Category learning drives neural repulsion initially but integration at a delay
Poster Session C - Sunday, March 30, 2025, 5:00 – 7:00 pm EDT, Back Bay Ballroom/Republic Ballroom
Marlie Tandoc1 (tandoc@sas.upenn.edu), Sarah Solomon1,2, Ashley Williams1, Alex Gordienko1, Jacob Parker1, Anna Schapiro1; 1University of Pennsylvania, 2Binghamton University
There has been accumulating evidence in the memory literature of a striking neural repulsion effect, where learning associations between highly similar items can drive their representations apart. These findings stand in contrast with work suggesting that we represent the commonalities across related items, especially with consolidation. Here we investigate the tension between these phenomena in a category learning task, where item similarity and task structure could motivate both integration and differentiation, measuring representations initially and after a period of consolidation. Thirty two participants learned novel flower categories, where each flower had petal types shared with category members as well as a unique petal. In an fMRI scan immediately after learning, we found that the hippocampus represented flowers from the same category as more dissimilar than flowers from different categories, consistent with other remarkable findings of repulsion in the literature. In the precuneus, this repulsion manifested at the feature level, with unique petals exhibiting lower similarity to others in the same category.
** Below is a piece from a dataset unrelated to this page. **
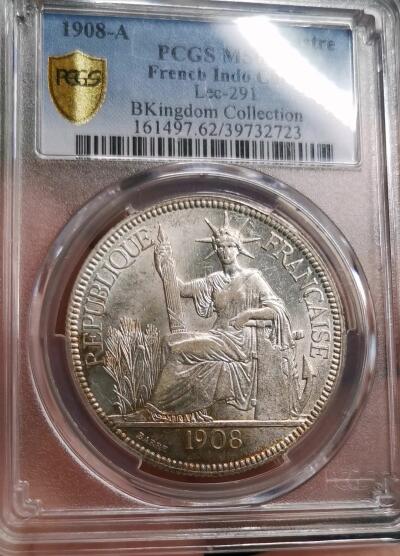 凡希社世界钱币微拍第二百七十一期 荐！1908A法属印度支那皮亚斯特大银PCGS-MS62，银光充沛的收藏级品相！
After a 1-2 week delay, the repulsion effects vanished and there was instead evidence of integration in other cortical regions, including the anterior temporal lobe. Behaviorally, the delay resulted in forgetting of individual items but persistence of category knowledge. The findings suggest that the initial ability to differentiate highly similar information may be supported by an exaggeration of their differences, but that neither the detailed memory nor the differentiated representations persist over time, giving way to integration that might support a more generalized understanding of the environment.